Top of Given data

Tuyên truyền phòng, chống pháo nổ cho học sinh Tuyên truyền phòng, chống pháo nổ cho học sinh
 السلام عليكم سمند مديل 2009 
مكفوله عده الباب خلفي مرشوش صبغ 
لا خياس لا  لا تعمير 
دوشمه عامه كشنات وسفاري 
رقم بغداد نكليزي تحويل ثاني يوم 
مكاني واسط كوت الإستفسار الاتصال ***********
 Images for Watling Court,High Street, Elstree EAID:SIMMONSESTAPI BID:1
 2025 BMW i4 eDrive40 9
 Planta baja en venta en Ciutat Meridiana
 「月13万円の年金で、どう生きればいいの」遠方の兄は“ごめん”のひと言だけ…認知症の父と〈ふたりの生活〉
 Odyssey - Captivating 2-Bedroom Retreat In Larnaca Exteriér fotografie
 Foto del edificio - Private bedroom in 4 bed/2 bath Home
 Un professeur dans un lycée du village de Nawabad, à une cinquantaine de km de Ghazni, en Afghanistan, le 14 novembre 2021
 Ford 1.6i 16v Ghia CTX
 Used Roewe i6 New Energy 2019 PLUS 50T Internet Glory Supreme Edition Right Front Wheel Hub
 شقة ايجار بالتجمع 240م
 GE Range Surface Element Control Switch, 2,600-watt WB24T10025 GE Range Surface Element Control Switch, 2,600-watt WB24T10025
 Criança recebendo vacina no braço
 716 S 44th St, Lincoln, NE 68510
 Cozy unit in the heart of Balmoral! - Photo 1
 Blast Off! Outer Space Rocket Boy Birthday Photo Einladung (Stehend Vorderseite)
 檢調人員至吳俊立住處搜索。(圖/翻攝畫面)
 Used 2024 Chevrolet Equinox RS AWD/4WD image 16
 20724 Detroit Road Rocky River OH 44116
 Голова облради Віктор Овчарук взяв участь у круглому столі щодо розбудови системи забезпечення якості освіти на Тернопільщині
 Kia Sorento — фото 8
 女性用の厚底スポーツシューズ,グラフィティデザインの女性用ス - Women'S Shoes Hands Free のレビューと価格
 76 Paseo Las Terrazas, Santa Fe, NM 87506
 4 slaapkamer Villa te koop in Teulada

Bottom of Given data

▸ **Your assignment**
Copy out the data shown above in full. Match it exactly.

▸ **Expected answer**
Tuyên truyền phòng, chống pháo nổ cho học sinh Tuyên truyền phòng, chống pháo nổ cho học sinh
 السلام عليكم سمند مديل 2009 
مكفوله عده الباب خلفي مرشوش صبغ 
لا خياس لا  لا تعمير 
دوشمه عامه كشنات وسفاري 
رقم بغداد نكليزي تحويل ثاني يوم 
مكاني واسط كوت الإستفسار الاتصال ***********
 Images for Watling Court,High Street, Elstree EAID:SIMMONSESTAPI BID:1
 2025 BMW i4 eDrive40 9
 Planta baja en venta en Ciutat Meridiana
 「月13万円の年金で、どう生きればいいの」遠方の兄は“ごめん”のひと言だけ…認知症の父と〈ふたりの生活〉
 Odyssey - Captivating 2-Bedroom Retreat In Larnaca Exteriér fotografie
 Foto del edificio - Private bedroom in 4 bed/2 bath Home
 Un professeur dans un lycée du village de Nawabad, à une cinquantaine de km de Ghazni, en Afghanistan, le 14 novembre 2021
 Ford 1.6i 16v Ghia CTX
 Used Roewe i6 New Energy 2019 PLUS 50T Internet Glory Supreme Edition Right Front Wheel Hub
 شقة ايجار بالتجمع 240م
 GE Range Surface Element Control Switch, 2,600-watt WB24T10025 GE Range Surface Element Control Switch, 2,600-watt WB24T10025
 Criança recebendo vacina no braço
 716 S 44th St, Lincoln, NE 68510
 Cozy unit in the heart of Balmoral! - Photo 1
 Blast Off! Outer Space Rocket Boy Birthday Photo Einladung (Stehend Vorderseite)
 檢調人員至吳俊立住處搜索。(圖/翻攝畫面)
 Used 2024 Chevrolet Equinox RS AWD/4WD image 16
 20724 Detroit Road Rocky River OH 44116
 Голова облради Віктор Овчарук взяв участь у круглому столі щодо розбудови системи забезпечення якості освіти на Тернопільщині
 Kia Sorento — фото 8
 女性用の厚底スポーツシューズ,グラフィティデザインの女性用ス - Women'S Shoes Hands Free のレビューと価格
 76 Paseo Las Terrazas, Santa Fe, NM 87506
 4 slaapkamer Villa te koop in Teulada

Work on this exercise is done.